In the midst of this mayhem in the fourth quarter, replacement QB A.J. McCarron led Cincinnati to a comeback from 15-0 down to 16-15 with only a few minutes left. Burfict picked off Steelers backup QB with less than two minutes, which should have sealed the victory — only the three most out-of-control players on the Bengals ended up handing the game to the Steelers. Hill fumbled as he tried to gain extra yardage that Cincy didn’t need, and then Burfict made the hit on Brown that led to the penalty and Jones’ rage that led to another.

Rush can’t believe that the message from that game was that the NFL has gone “soft”:

Saturday night’s game was not an example of the NFL going soft.  That game was brutal, and a lot of the brutality was not called for in terms of penalties.  This was not a wussified NFL on display Saturday.  It was quite the exact opposite, in fact.
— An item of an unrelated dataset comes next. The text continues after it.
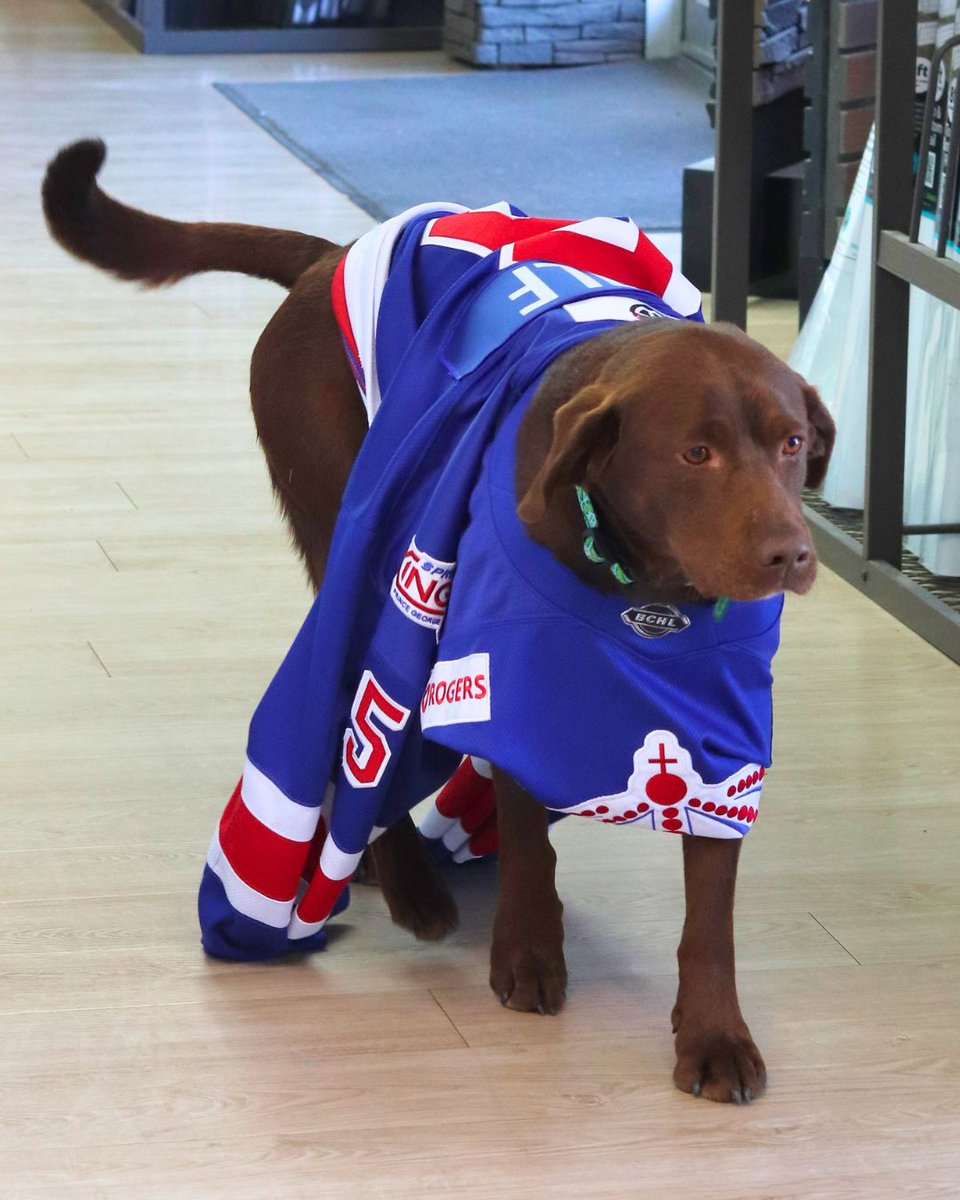 Prince George Spruce Kings tweet media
So Trump coming out and talking about the wussification of the NFL after that game?  I’m scratching my head, what game did he watch?  So it tells me Trump has a radar, and he’s aware of what people are saying about various things and decides to chime in now and then if he thinks that it’s politically opportune, but this was not the game to accuse the NFL of wussifying.  This was not the game to accuse the NFL of becoming a bunch of pansies.  This was not the game where you complain and moan about the referees going soft.  I mean, there’s a reason why some in the media are calling it a prison gang riot.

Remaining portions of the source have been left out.